Starting at the line that contains "Thumbnail 73 for", write out every line through the end of the records exactly as it stands, and leave out all pictures.
*** LISTED RECORDS
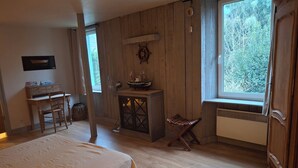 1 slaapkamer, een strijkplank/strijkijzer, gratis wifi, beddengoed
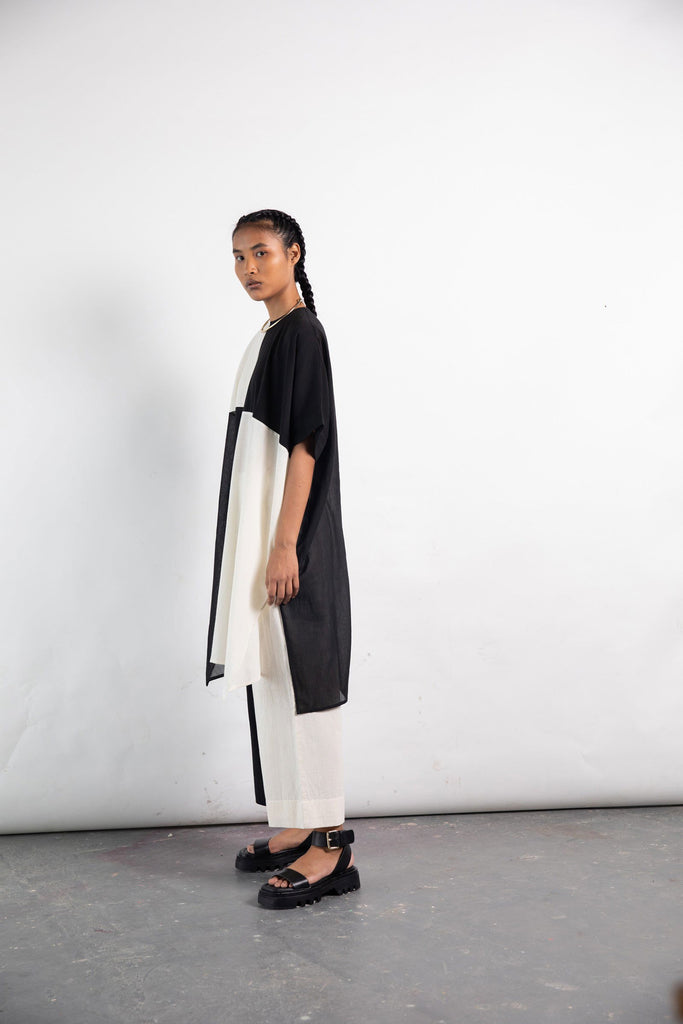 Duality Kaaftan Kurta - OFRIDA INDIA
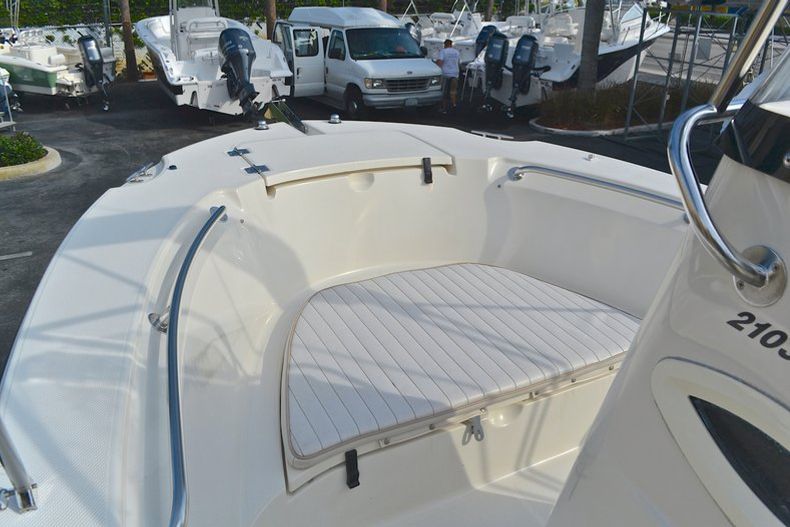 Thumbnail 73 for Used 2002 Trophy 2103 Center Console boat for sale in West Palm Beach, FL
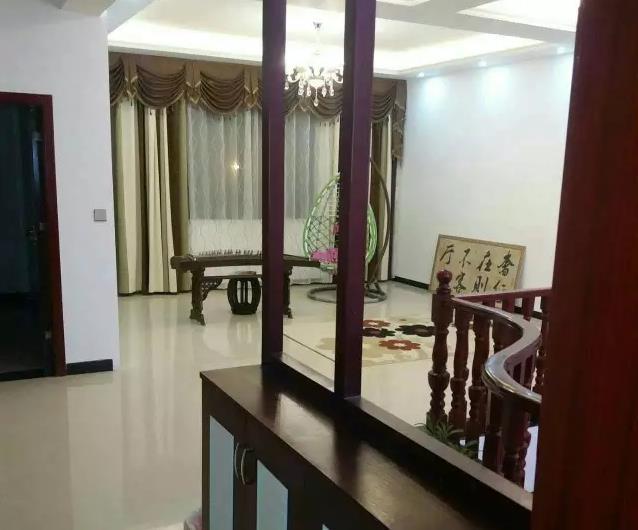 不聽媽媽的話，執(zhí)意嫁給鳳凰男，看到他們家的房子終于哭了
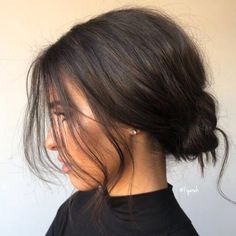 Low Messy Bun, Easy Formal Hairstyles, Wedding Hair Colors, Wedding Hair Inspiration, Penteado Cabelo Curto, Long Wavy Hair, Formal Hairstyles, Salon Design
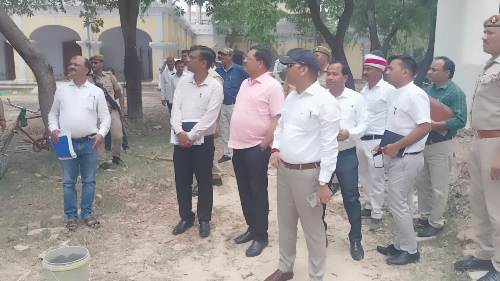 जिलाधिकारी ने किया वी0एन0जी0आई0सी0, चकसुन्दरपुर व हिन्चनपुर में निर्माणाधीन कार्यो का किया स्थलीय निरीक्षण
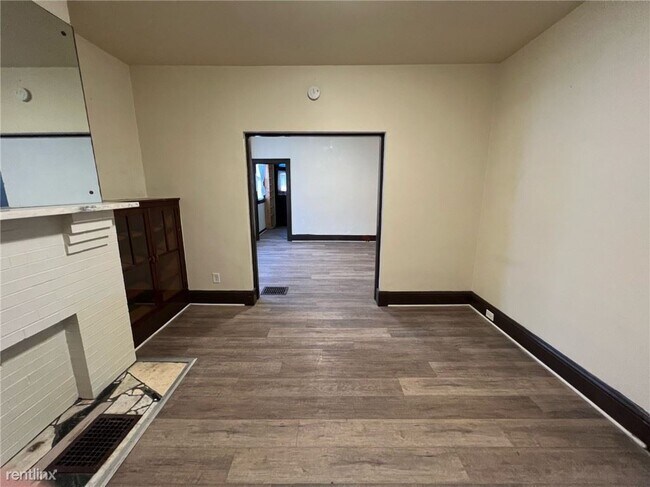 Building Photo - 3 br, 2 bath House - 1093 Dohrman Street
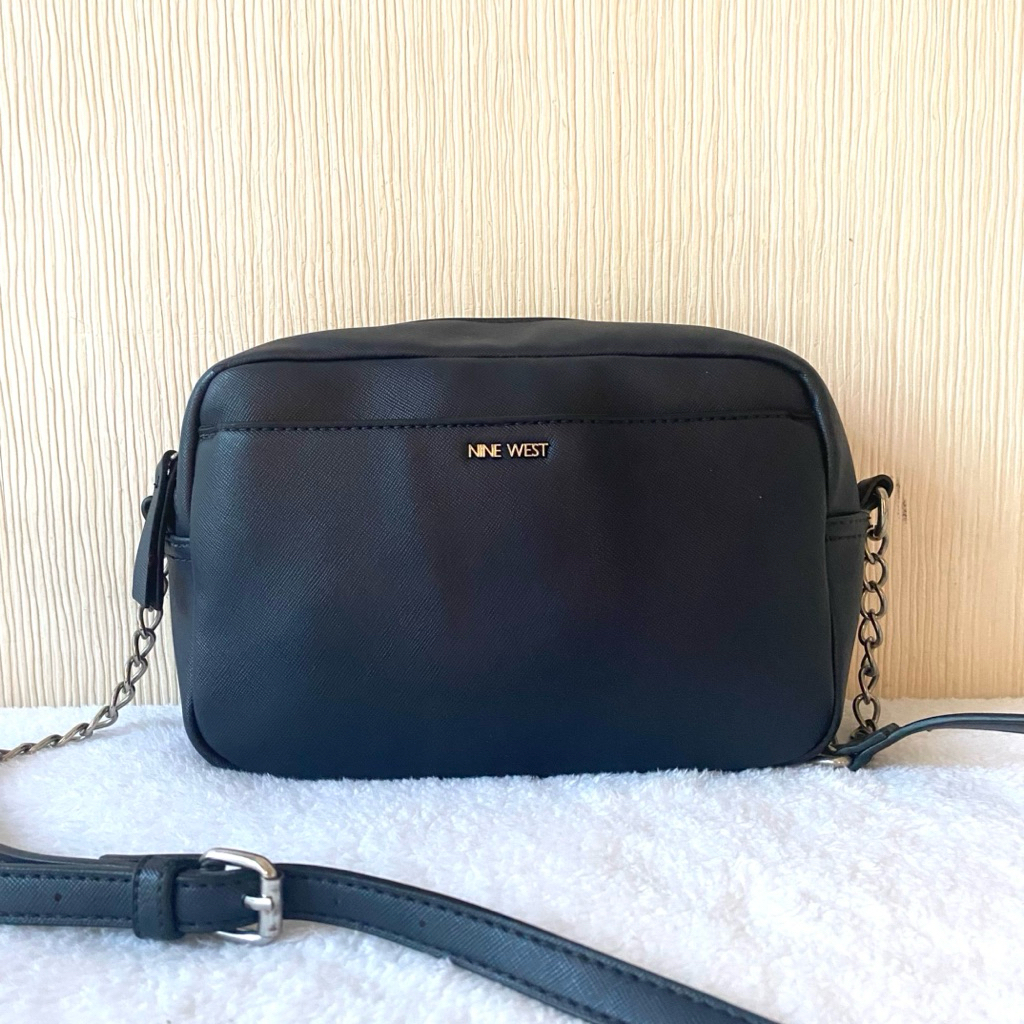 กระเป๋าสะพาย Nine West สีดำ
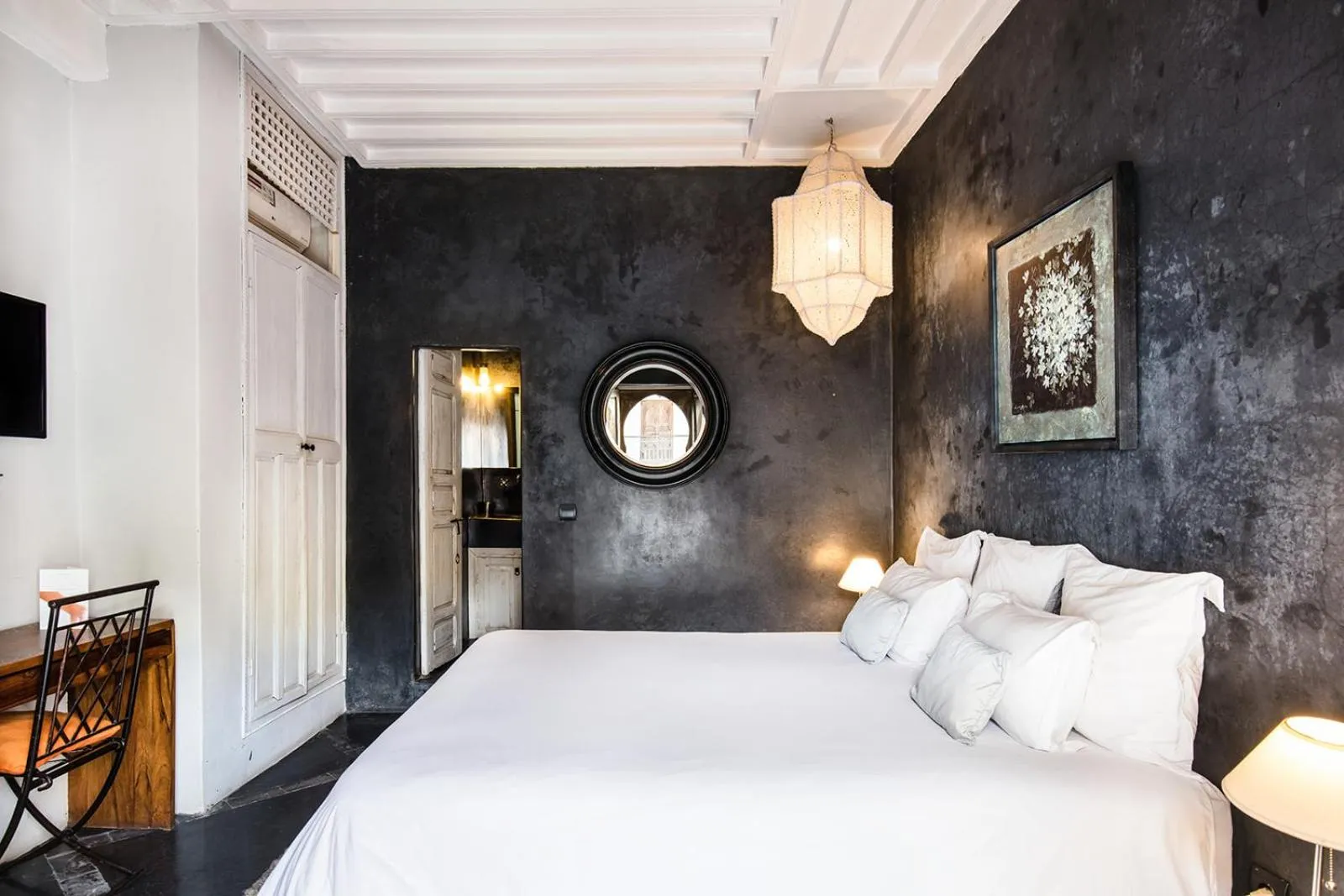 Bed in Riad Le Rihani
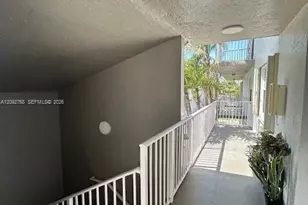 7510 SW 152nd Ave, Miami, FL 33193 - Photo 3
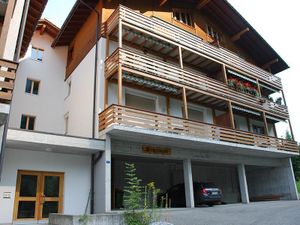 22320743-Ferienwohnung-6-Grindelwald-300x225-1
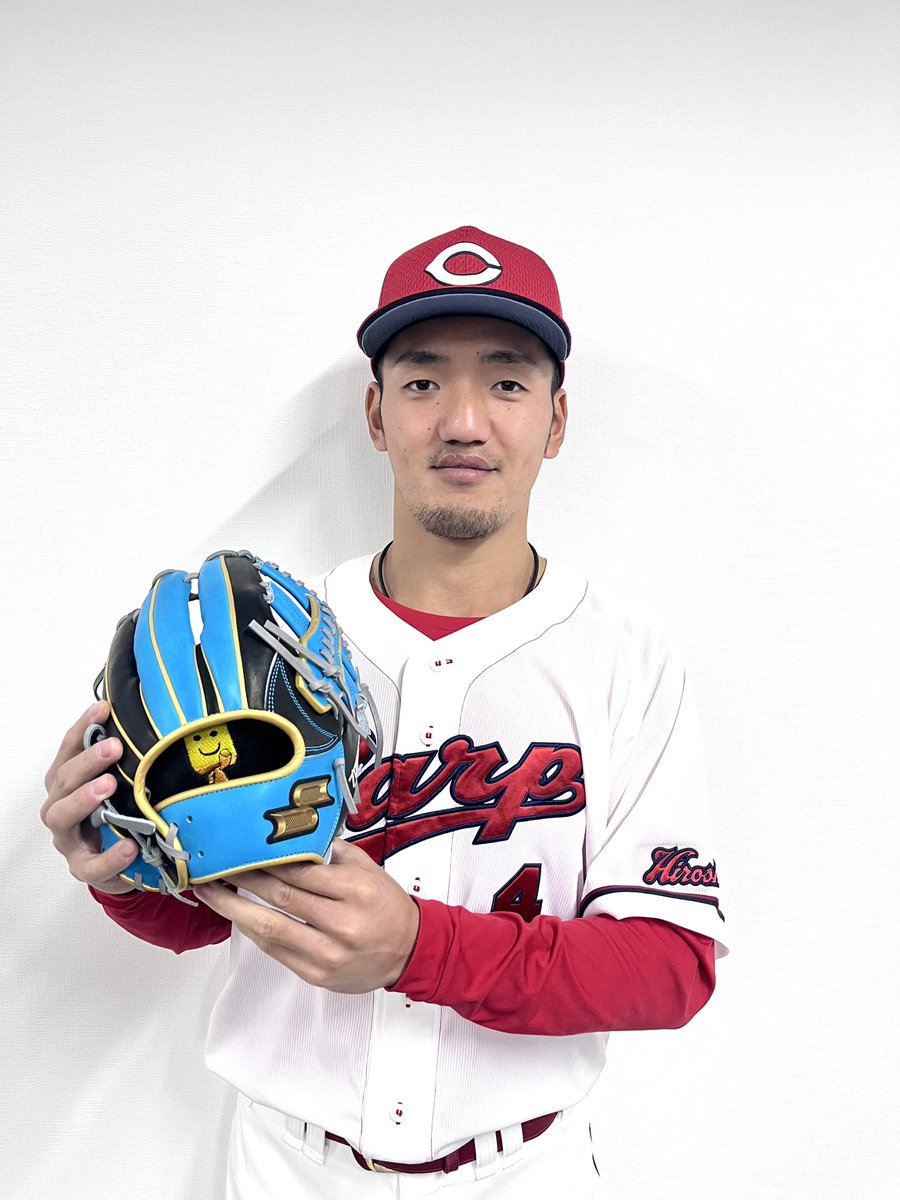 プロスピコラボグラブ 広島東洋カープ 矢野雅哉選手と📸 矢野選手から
******
ANSWER SPACE:
 Thumbnail 73 for Used 2002 Trophy 2103 Center Console boat for sale in West Palm Beach, FL
 不聽媽媽的話，執(zhí)意嫁給鳳凰男，看到他們家的房子終于哭了
 Low Messy Bun, Easy Formal Hairstyles, Wedding Hair Colors, Wedding Hair Inspiration, Penteado Cabelo Curto, Long Wavy Hair, Formal Hairstyles, Salon Design
 जिलाधिकारी ने किया वी0एन0जी0आई0सी0, चकसुन्दरपुर व हिन्चनपुर में निर्माणाधीन कार्यो का किया स्थलीय निरीक्षण
 Building Photo - 3 br, 2 bath House - 1093 Dohrman Street
 กระเป๋าสะพาย Nine West สีดำ
 Bed in Riad Le Rihani
 7510 SW 152nd Ave, Miami, FL 33193 - Photo 3
 22320743-Ferienwohnung-6-Grindelwald-300x225-1
 プロスピコラボグラブ 広島東洋カープ 矢野雅哉選手と📸 矢野選手から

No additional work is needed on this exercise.